* Gold index slips for the fourth consecutive session
* NZ posts ninth weekly gain in 10 (Updates to close)
Jan 19 (Reuters) - Australian shares edged lower on Friday as mining stocks slipped following weakness in commodity prices, though gains in consumer staples and healthcare stocks helped stem some of the decline.
The S&P/ASX 200 index fell 0.2 percent, or 8.8 points to 6,005.8 at the close of trade. It fell 1.1 percent over the week, a second consecutive weekly fall.
The materials sector was the biggest drag on the benchmark, weighed down by the gold index which slipped 1.3 percent to fall for a fourth straight session.
Gold prices have come under pressure recently from higher U.S. Treasury yields. Gold is a non-yielding asset so rising bond yields put its price under pressure.
Gold miner Newcrest Mining Ltd closed 2 percent lower hitting a near one-month closing low, while peer Northern Star Resources fell 1.5 percent.
Among iron ore miners, mining giant BHP Billiton Ltd fell 0.3 percent, while Rio Tinto slipped over 1 percent.
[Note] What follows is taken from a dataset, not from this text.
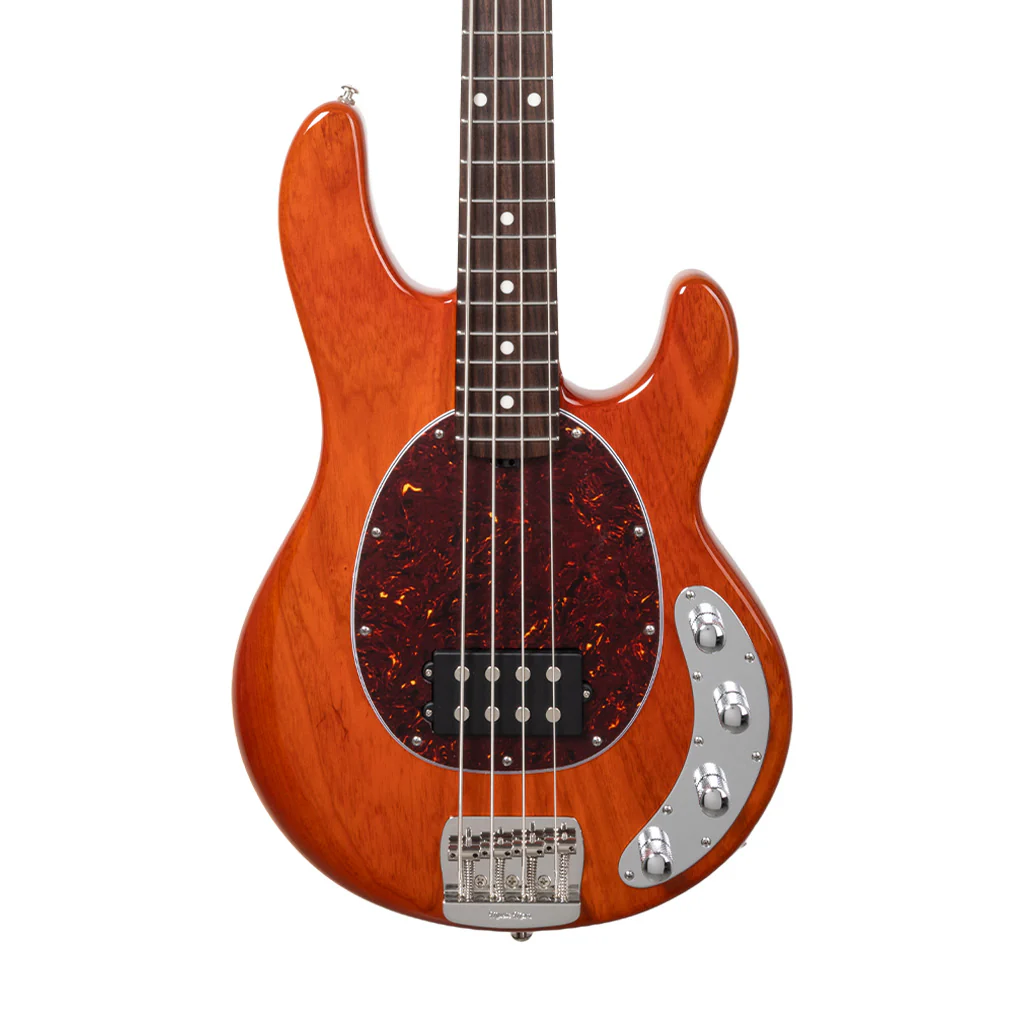 Ernie Ball Music Man StingRay Special Bass Guitar, RW FB, Translucent Orange - Image 3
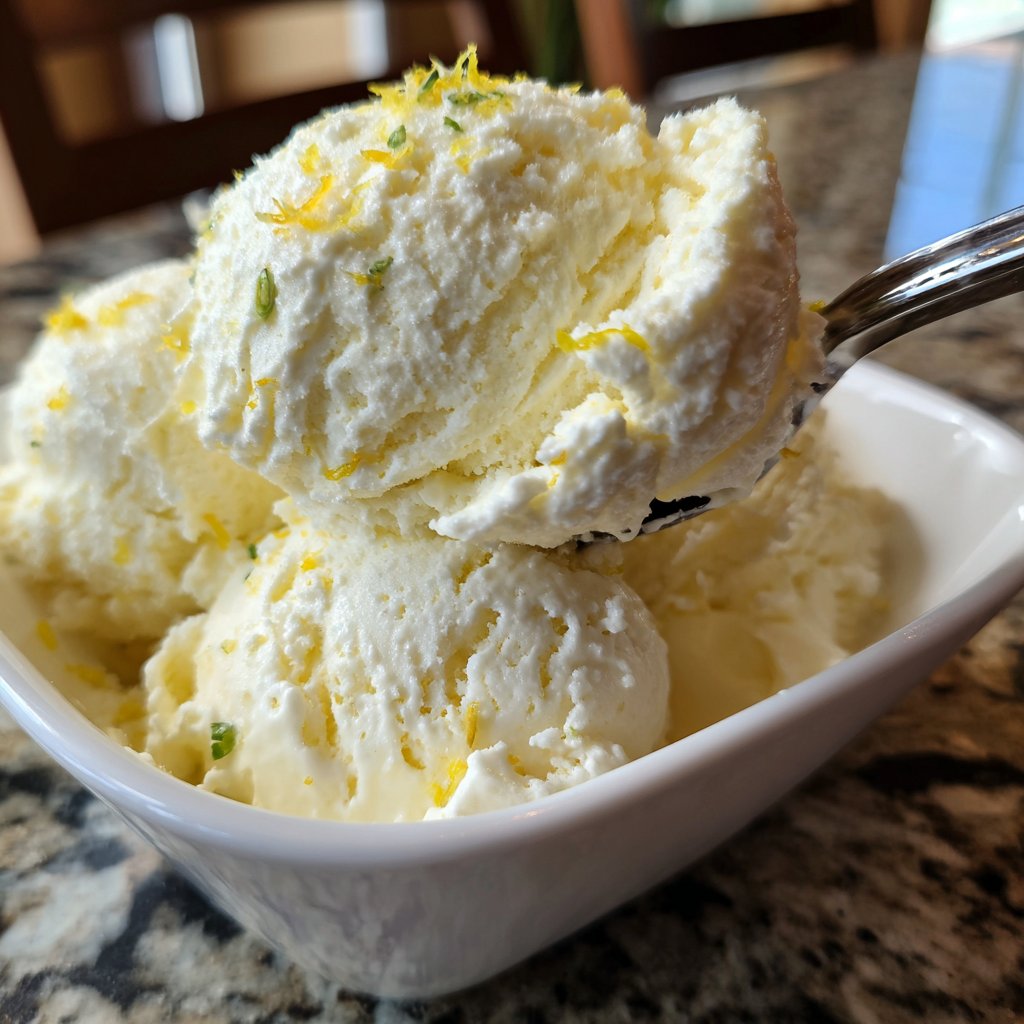 Eis Selber Machen Mit Zitrone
Iron ore futures in China edged lower on Friday heading for their first weekly drop in three weeks, as slower demand stalled a rally in steel prices after they surged nearly 50 percent last year.
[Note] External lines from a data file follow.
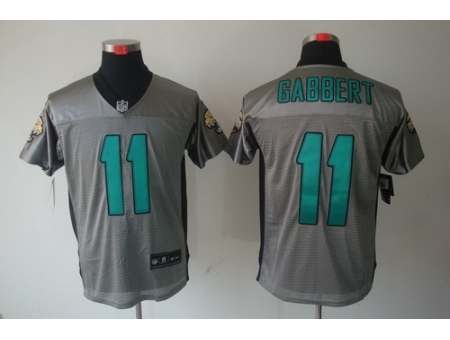 Nike Jacksonville Jaguars 11 Blaine Gabbert Grey Elite Shadow NFL Jersey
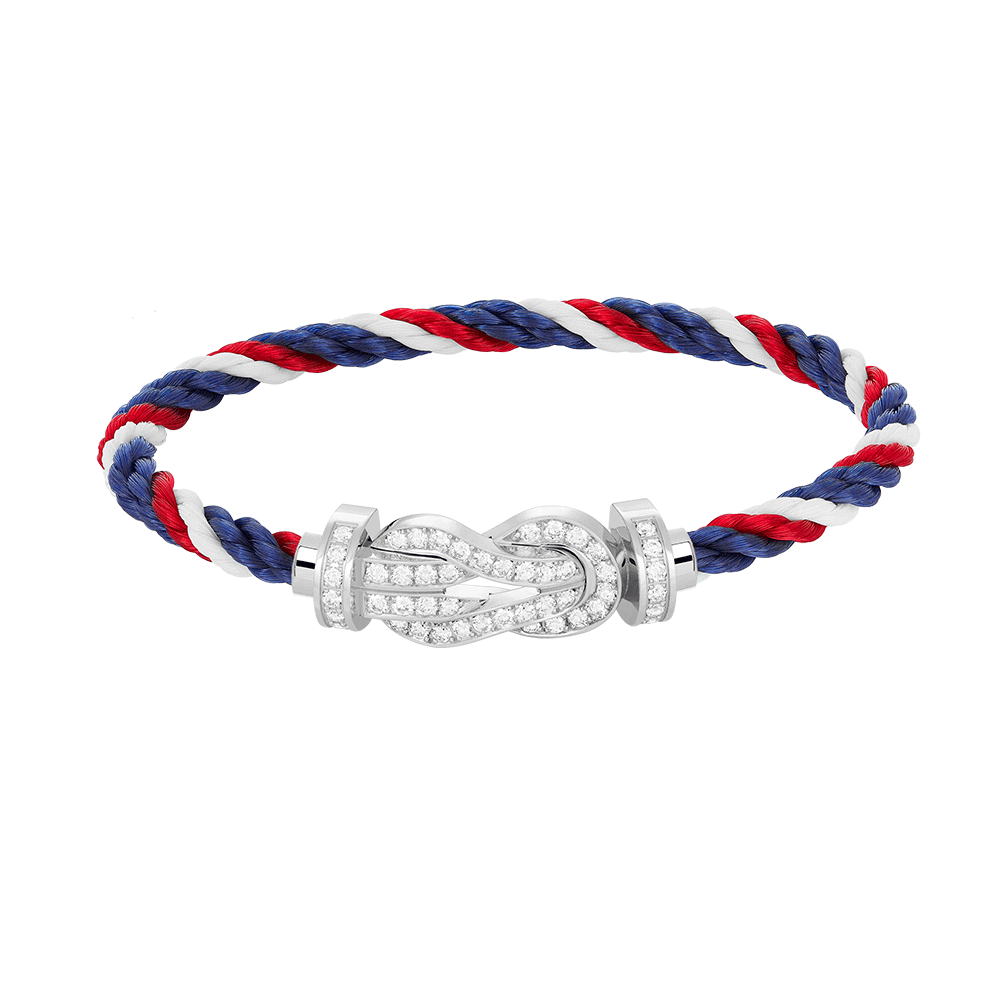 [Aetheris]GROSSES 8-STELLIGES SCHNALLEN-VOLLDIAMANTEN-ARMBAND – WEISSGOLD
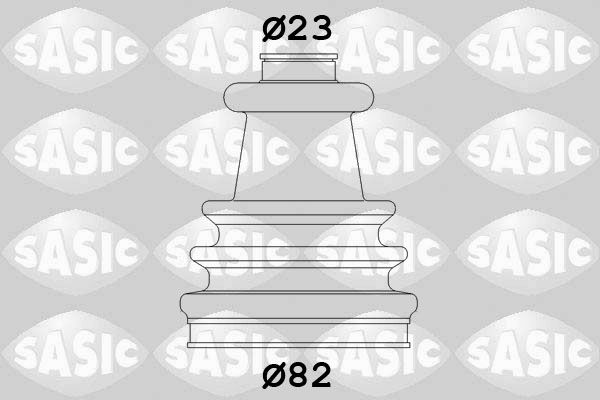 Комплект пыльника, приводной вал SASIC 4003420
The country’s financial index was marginally down with National Australia Bank shedding 0.2 percent.
However, gains in consumer staples and healthcare stocks capped some of the losses on the benchmark index.
Treasury Wine Estates Ltd gained 2.7 percent, rising for a fourth straight session, while biotherapeutics company CSL Ltd added 1.1 percent to hit its highest close in more than six weeks.
New Zealand’s benchmark S&P/NZX 50 index rose 0.21 percent or 17.29 points to finish the session at 8,289.96. The index added 0.6 percent over the week.
Consumer staples and healthcare stocks led the gains on the benchmark with a2 Milk Company closing 2.8 percent higher and Ryman Healthcare rising 1.3 percent.